Source information =>
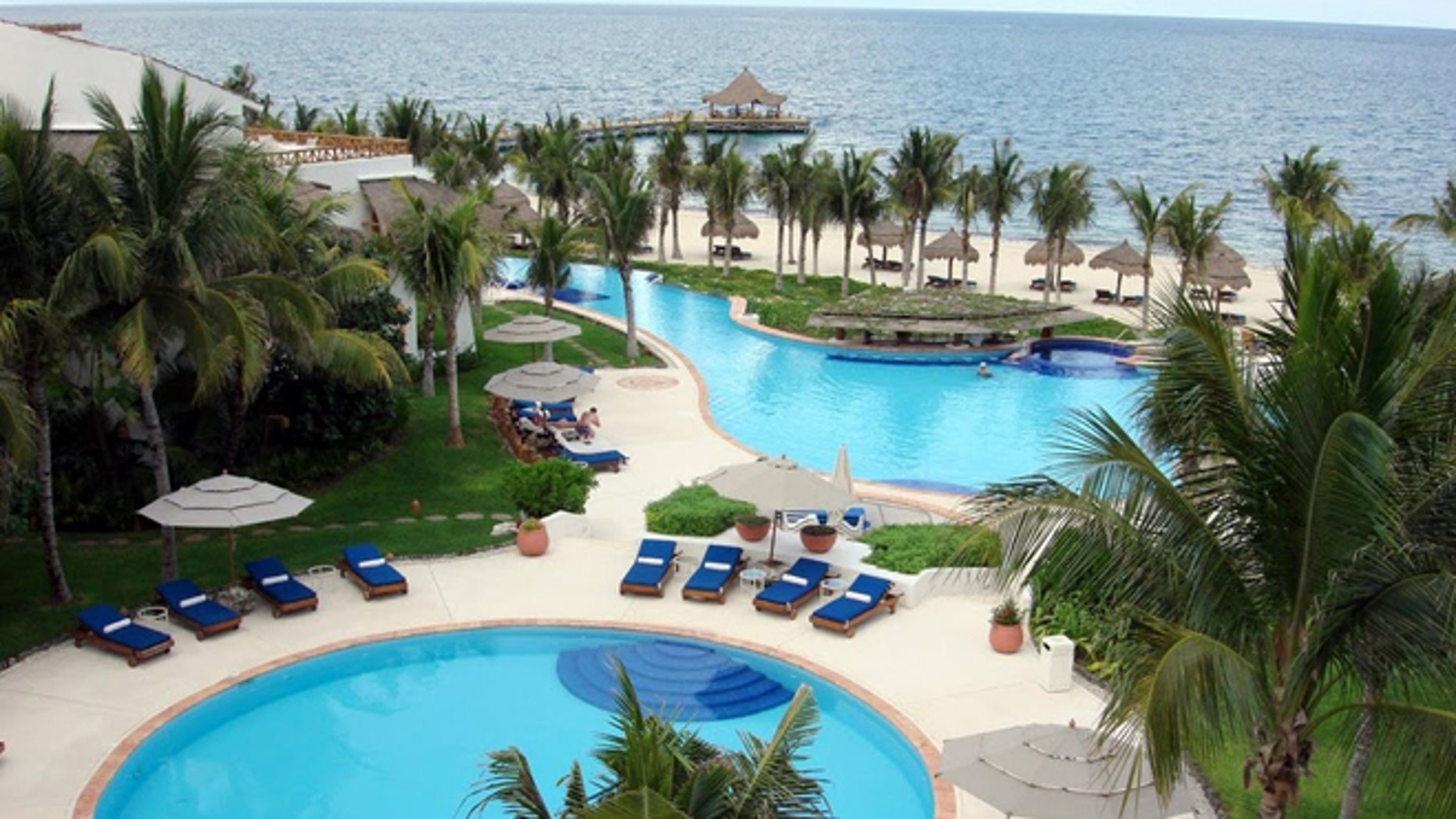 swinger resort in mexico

==

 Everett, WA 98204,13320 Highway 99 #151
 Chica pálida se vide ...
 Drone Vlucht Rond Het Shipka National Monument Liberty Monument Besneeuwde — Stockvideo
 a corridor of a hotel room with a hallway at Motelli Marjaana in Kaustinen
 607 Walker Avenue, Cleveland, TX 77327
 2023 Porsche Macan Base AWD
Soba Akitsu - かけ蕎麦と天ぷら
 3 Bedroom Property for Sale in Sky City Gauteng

Action item =>
From the records above, print exactly the lines that run from the line with "Everett, WA 98204,13320 Highway 99 #151" to the line with "3 Bedroom Property", inclusive.

Solution to the exercise =>
 Everett, WA 98204,13320 Highway 99 #151
 Chica pálida se vide ...
 Drone Vlucht Rond Het Shipka National Monument Liberty Monument Besneeuwde — Stockvideo
 a corridor of a hotel room with a hallway at Motelli Marjaana in Kaustinen
 607 Walker Avenue, Cleveland, TX 77327
 2023 Porsche Macan Base AWD
Soba Akitsu - かけ蕎麦と天ぷら
 3 Bedroom Property for Sale in Sky City Gauteng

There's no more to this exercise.